Are mobile 2FA verification PINs completely random? In my experience, when I have to use some 6 digit pin to log in to, say, my internet banking, or some other service which requires 2FA; the PIN itself always seems "catchy".
Example PINs include:

*

*232323

*888666

*120130

*112211

*228229
Is this my brain trying to find patterns, or is their generation somehow done in such away which prefers "catchy" PINs (to make them easy to remember when typing them in)? It feels like I never get a truly "random feeling" PIN like 703926 (say).
 A: 
Is this my brain trying to find patterns [...]?
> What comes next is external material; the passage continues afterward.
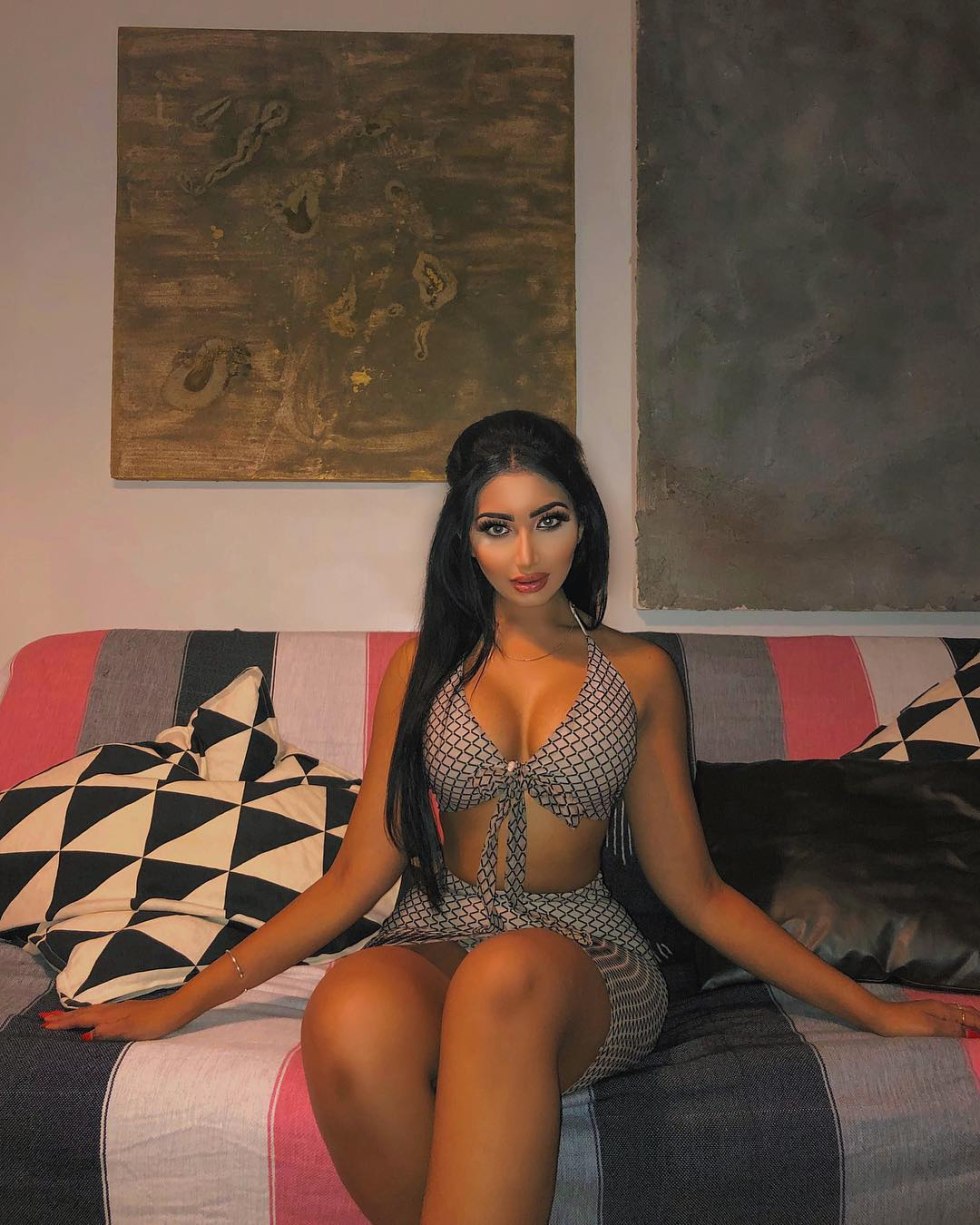 Guli Bahari naked completely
Yes. The numbers generated internally are actually fully random 31-bit integers which then get reduced $\bmod 10^6$ yielding a bias of less than $2^{10}$ to small values (the bias gets slightly worse for 7 and 8 digits).
Details
The actual details are in RFC 6238 (TOTP) which esstially just invokes HOTP (RFC 4226) with a conversion of the current time in seconds (since epoch) into the number of time steps (since epoch). HOTP then essentially computes $\operatorname{HMAC-SHA1}(K,C)$ using a fixed shared key between you and the service and using the counter value $C$ as derived from the time. This yields a 20 byte random value (assuming HMAC-SHA1 is a PRF which is a pretty weak and still true assumption). From these 20 random bytes 31 random bits are extracted in an non-straightforward (and security-wise useless) way. Then these 31 bits are treated as a normal 32-bit integer by your processor (with the top bit cleared to avoid wonkiness in the modular reduction) and reduced modulo $10^6$ yielding the displayed number.
Applying a PRF keyed with a random key to a not before queried value yields a freshly random value (if not the PRF assumption would be broken). Extracting the 31 bits is (hopefully) done in a way that preserves as much entropy as possible (i.e. 31 bit). Reducing a 31-bit value $\bmod 10^d$ then introduces a small bias towards the low $2^{31}\bmod 10^d$ values by about $10^d/2^{31}$ which is small enough for all standardized values of $d\in\{6,7,8\}$ - especially given the fact that we only have 31 bits to work with here.